Necessary measures are now being taken in the province in order to strengthen and broaden regulations, monitoring, and control of wild boars and feral pigs.
In attempts to stop the spread of the damaging species, the Ministry of Agriculture has decided to license existing commercial wild boar farms and impose a moratorium on new farms.
To improve surveillance and eradication efforts in the province, the Saskatchewan Crop Insurance Corporation (SCIC) is also doubling its funding to their wild boar eradication program to $200,000 annually. The program has been developed to manage reported sightings.

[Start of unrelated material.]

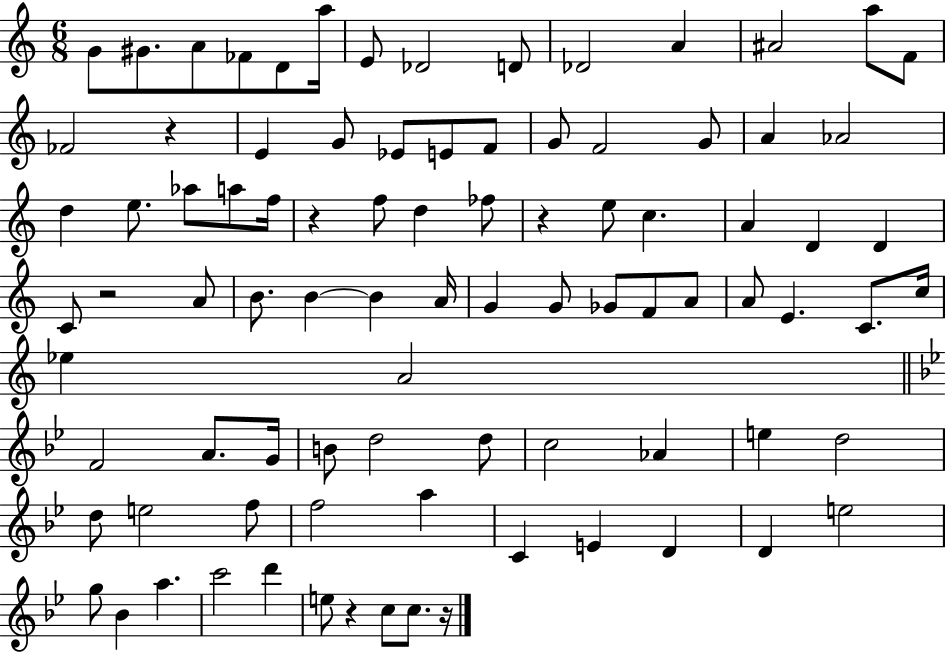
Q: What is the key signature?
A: C major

The invasive nature of wild pigs, especially in agricultural production areas, presents a significant problem because of the damage they cause to fields, crops and natural ecosystems. The U.S. loses 2.5 billion dollars per year just in crop damage alone due to wild pigs," states Dr. Ryan Brook of the University of Saskatchewan's Canadian Wild Pig Research Project.

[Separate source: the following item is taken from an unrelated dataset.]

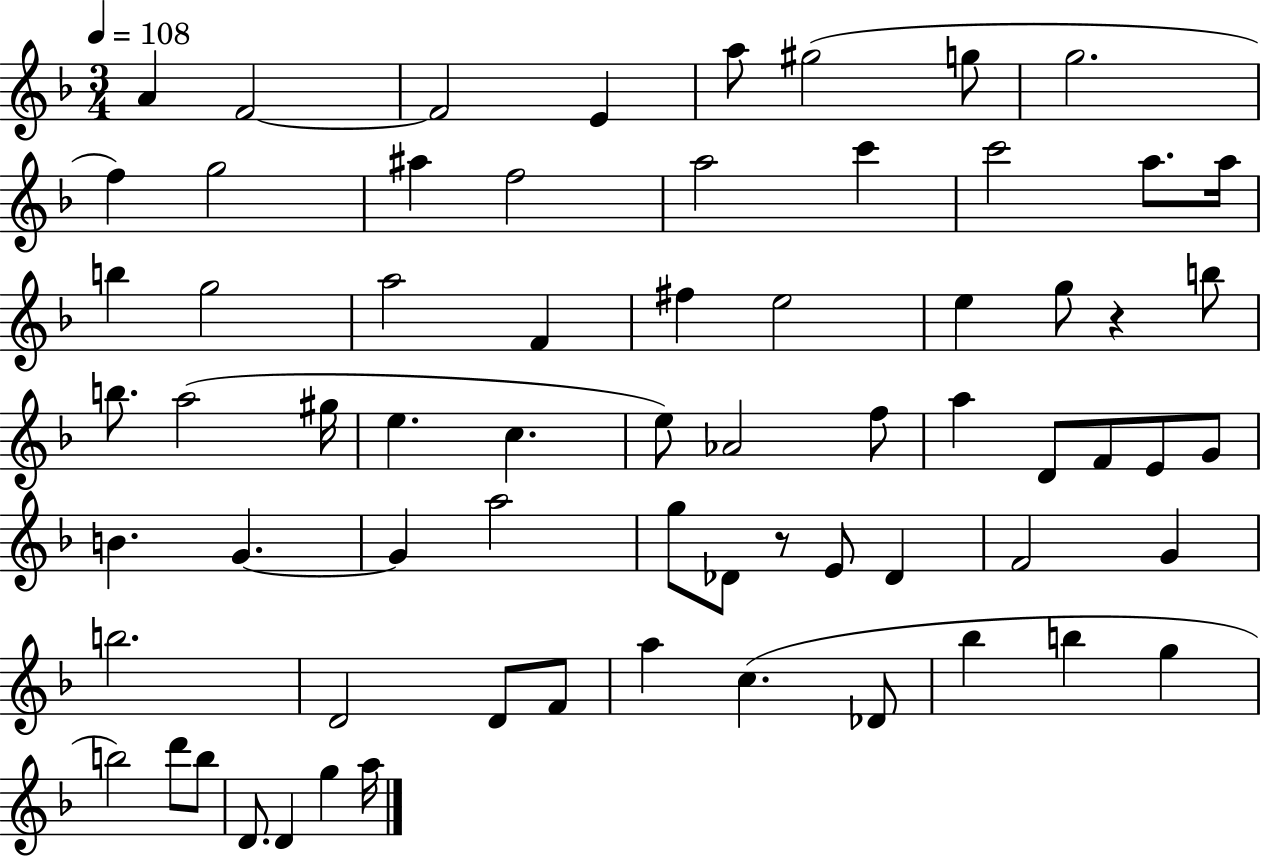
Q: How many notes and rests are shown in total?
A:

As well as spreading invasive plants, wild boars threaten livestock and wildlife with diseases such as African swine fever, a federally reportable disease not yet present in North America but has caused massive disruptions in China's pork industry.
"Increasing feral pig surveillance and eradication efforts, along with declaring them a regulated pest, are proactive measures to help ensure the health of both the agriculture industry and the natural environment in Saskatchewan," Agriculture Minister David Marit said in a recent release to the public.
"These are substantial steps that improve risk management and protect the resilience and security of our agriculture industry, which is a critical component of our provincial economy."
Dr. Ryan Brook of the University of Saskatchewan claims that Saskatchewan has the most significant number of wild pigs in Canada, with the highest number of sightings reported in the province's northeast portion.
"Let's be clear, wild pigs on the Canadian Prairies are expanding completely out of control, and you can quote me on that" said Dr. Brook.
All wild boar or feral pig sightings should be reported to a local SCIC office or by calling 1-888-935-0000 to help stop the spread of the invasive species.